## Exercise description
Nothing but the lines from the start of the records below through the line that has "Figure 1: Luxury" should appear, each exactly as given.

Stored items from a collection
☆ ☆ ☆ ☆ ☆

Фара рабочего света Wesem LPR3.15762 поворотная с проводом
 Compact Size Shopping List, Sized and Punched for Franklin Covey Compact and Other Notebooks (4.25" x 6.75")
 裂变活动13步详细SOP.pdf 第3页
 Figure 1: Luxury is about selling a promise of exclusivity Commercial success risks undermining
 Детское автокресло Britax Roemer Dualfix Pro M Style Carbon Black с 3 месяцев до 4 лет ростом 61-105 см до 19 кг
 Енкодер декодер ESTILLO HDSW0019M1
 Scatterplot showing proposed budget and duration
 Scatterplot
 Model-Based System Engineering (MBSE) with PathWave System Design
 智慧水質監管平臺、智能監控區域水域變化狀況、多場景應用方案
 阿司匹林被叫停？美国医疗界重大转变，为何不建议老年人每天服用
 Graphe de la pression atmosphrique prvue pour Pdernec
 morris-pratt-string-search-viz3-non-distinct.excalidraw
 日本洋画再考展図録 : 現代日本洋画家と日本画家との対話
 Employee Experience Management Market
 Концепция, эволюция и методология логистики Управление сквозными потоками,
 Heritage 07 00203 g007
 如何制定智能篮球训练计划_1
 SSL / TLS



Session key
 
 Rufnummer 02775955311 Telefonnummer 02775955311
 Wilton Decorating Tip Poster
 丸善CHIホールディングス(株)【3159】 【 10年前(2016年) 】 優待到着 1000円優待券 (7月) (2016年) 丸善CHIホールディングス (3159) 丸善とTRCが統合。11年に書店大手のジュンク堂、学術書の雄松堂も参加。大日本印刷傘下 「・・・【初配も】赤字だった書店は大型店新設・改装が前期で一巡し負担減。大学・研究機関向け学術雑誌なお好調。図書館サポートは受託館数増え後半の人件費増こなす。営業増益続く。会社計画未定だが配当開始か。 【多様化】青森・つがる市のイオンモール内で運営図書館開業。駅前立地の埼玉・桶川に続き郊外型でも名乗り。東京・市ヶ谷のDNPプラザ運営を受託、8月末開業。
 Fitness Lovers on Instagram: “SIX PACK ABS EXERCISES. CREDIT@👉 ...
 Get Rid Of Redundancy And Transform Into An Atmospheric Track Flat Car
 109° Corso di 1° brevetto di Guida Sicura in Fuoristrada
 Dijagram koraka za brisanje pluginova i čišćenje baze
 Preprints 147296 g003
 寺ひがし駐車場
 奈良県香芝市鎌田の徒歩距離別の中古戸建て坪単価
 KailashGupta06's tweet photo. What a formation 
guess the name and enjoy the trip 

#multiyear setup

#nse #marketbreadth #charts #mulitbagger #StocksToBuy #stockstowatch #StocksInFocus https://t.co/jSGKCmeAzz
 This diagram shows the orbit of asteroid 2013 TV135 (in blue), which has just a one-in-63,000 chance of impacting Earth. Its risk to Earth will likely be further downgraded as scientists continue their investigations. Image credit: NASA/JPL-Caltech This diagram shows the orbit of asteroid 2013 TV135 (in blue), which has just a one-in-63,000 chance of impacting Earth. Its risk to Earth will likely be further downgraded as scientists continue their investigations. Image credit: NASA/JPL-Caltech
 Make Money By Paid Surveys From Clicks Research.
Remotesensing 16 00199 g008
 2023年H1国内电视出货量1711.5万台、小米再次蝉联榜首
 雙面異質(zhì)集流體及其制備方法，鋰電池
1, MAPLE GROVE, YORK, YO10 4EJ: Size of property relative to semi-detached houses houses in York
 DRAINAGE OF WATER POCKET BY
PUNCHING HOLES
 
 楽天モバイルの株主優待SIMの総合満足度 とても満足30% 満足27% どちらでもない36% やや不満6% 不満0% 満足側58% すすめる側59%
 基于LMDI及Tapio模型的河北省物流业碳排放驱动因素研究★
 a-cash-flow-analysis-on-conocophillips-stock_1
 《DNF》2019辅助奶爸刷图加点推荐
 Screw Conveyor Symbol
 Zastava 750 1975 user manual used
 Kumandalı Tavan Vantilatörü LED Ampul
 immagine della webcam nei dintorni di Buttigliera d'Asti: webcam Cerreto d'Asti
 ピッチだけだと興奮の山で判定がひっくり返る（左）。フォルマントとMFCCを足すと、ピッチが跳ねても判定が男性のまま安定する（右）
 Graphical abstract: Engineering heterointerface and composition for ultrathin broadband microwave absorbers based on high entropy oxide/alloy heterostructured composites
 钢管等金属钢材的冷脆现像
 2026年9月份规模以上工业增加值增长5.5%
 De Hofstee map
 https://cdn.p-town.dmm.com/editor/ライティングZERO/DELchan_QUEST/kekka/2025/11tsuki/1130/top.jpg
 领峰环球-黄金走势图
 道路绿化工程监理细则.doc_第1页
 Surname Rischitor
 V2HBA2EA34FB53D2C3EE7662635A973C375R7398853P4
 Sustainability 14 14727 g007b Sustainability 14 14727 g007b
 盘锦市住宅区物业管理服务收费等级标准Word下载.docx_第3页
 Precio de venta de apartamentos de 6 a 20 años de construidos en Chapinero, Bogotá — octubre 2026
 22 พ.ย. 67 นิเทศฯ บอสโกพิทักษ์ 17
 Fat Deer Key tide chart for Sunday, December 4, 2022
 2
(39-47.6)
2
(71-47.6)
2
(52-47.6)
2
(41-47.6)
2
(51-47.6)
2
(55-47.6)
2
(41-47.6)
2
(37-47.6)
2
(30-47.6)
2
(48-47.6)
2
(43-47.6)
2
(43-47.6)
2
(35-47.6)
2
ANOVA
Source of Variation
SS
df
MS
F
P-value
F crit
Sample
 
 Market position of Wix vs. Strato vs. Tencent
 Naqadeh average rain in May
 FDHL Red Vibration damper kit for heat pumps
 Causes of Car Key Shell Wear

☆ ☆ ☆ ☆ ☆

## Problem solution
Фара рабочего света Wesem LPR3.15762 поворотная с проводом
 Compact Size Shopping List, Sized and Punched for Franklin Covey Compact and Other Notebooks (4.25" x 6.75")
 裂变活动13步详细SOP.pdf 第3页
 Figure 1: Luxury is about selling a promise of exclusivity Commercial success risks undermining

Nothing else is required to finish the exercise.